ColdFusion Muse

Coldfusion, File IO and an iSsci Array - Swapping Mayhem

Mark Kruger October 7, 2006 12:09 AM Coldfusion Troubleshooting Comments (1)

A successful startup company with an ailing server contacted me recently. This company sold beautiful photography sites with a customizable flash interface. The sites feature public and private galleries and an amazing dashboard that uses the flash uploader for afusion to allow a user to upload multiple files at once. It was very cool stuff. They called me because their server was experiencing difficulty like that I described in some previous posts on Hanging Threads. What we found was a brand new clue...

This particular customer was using a server with no local hard disk. Instead there were 2 iScsi partitions - a system "c:" partition and a data "d:" partition. The site was so file heavy that they had set it up with a substantial amount of disk space on an iScsi array. This made me think they were onto something thinking it could be a network issue - since vitually nothing that was happening on the server was unrelated to the network. All the file I/O was going to be going through the network as well as typical network traffic.

The Plan

I thought to myself, "self... I bet you can solve this problem with a few hours of troubleshooting." Boy was I wrong! Before I tell you about the plan let me explain the problem. As I said the system allowed site owners to upload multiple files at once. This is done through a flash interface that uses serial posts requests to a Coldfusion handler. These are very expensive requests. They are long running by nature, and the end game here is resizing files (using a COM in this case - on CFMX... ick!) and storing some different sizes and resolutions in different folders. These folders could potentially contain thousands of files. Using See Fusion (wow.. what a product! I wish they had an ASP, PHP and .NET version) and some raw log files it was easy to see that these long running upload requests were at least related to the hanging server problem. Yet it was also clear that the server could hang without crossing the simultaneous request threshhold - which is no doubt what lead the site owners to my blog post.
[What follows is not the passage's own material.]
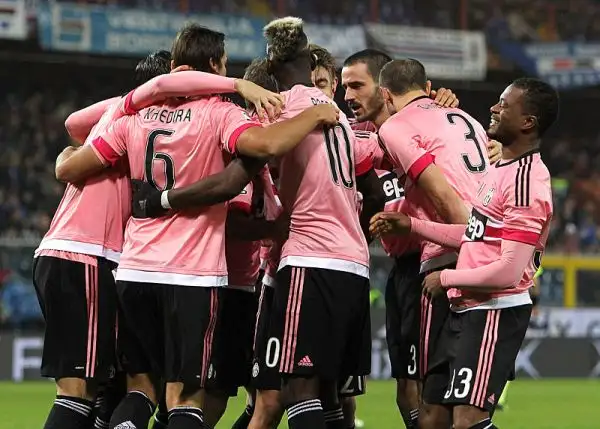 I bianconeri superano nel posticipo i doriani con le reti di Pogba e Khedira e agganciano l'Inter al secondo posto in classifica. Non basta ai blucerchiati il ritorno al gol di Cassano.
We figured that the problem was network congestion or port negotiation. I also speculated that the iScsi array exacerbated the problem because all of the file I/O was going through the Network Interface Card. So our plan focused on 2 areas - troubleshoot the network and reduce file I/O. We did the following:

  • We set the switch port and NIC to hard coded 1Gig (Gigabit Ethernet over copper).
  • We worked with the data center pros to fine tune the iScsi settings and other settings like flow control.
  • We tweaked the upload script to reduce the number of calls to the file system. For example, we reduced the number of times we called "fileExists( )". We found a way to remove one of the copy operations, and we reduced the frequency of the uploads from the flash object.
  • We added more RAM to the server and retuned the JVM to use the max amount of RAM and the concMarkSweep Garbage Collector.
  • We moved the admin interface to it's own App pool in IIS and tweaked the number of worker threads available (this had the potential to affect the upload operation prior to the hand-off to IIS.
  • We tweaked the memory allocation for mySQL (also running on this server - to my chagrin).
And did any of this help? Nope.... the threads just kept on hanging. In fact, in spite of the amount of RAM we noticed the swap file was still quite busy. At this point we were at a loss. The site owner noticed that the C: drive (the system partition) which was a 5 gig partition, was down to about 1.5 gigs of space. More to have something to try than anything else, he started deleting unneeded files from the C: drive till he got the space up to about 2.5 gigs. Miraculously this seems to have solved the problem.

Lessons Learned

Well... when you are troubleshooting an iSsci array where the system partition is also on the array - make sure the system partition is performing well and has enough space to handle a contiguous page file. My guess is that the actual telemetry of the array is out of the control of the OS - and is handled by the controller. That being the case, the OS can't guarantee that the page file is contiguous. That means a heavily used page file may become fragmented and suffer from performance issues related to space. Or, I could be full of bantha fodder. In any case, pay attention to paging and system partition space on an iScsi array.

  • Share:


  • Michael White's Gravatar
    Posted By
    Michael White | 10/8/06 9:23 PM
    As a network/sever admin guy, I often deal with stuff like this so I always start with the basic server/OS health.

    I also do a little photography and I'm looking to re-do my site... any chance of a hint on this start up company's URL?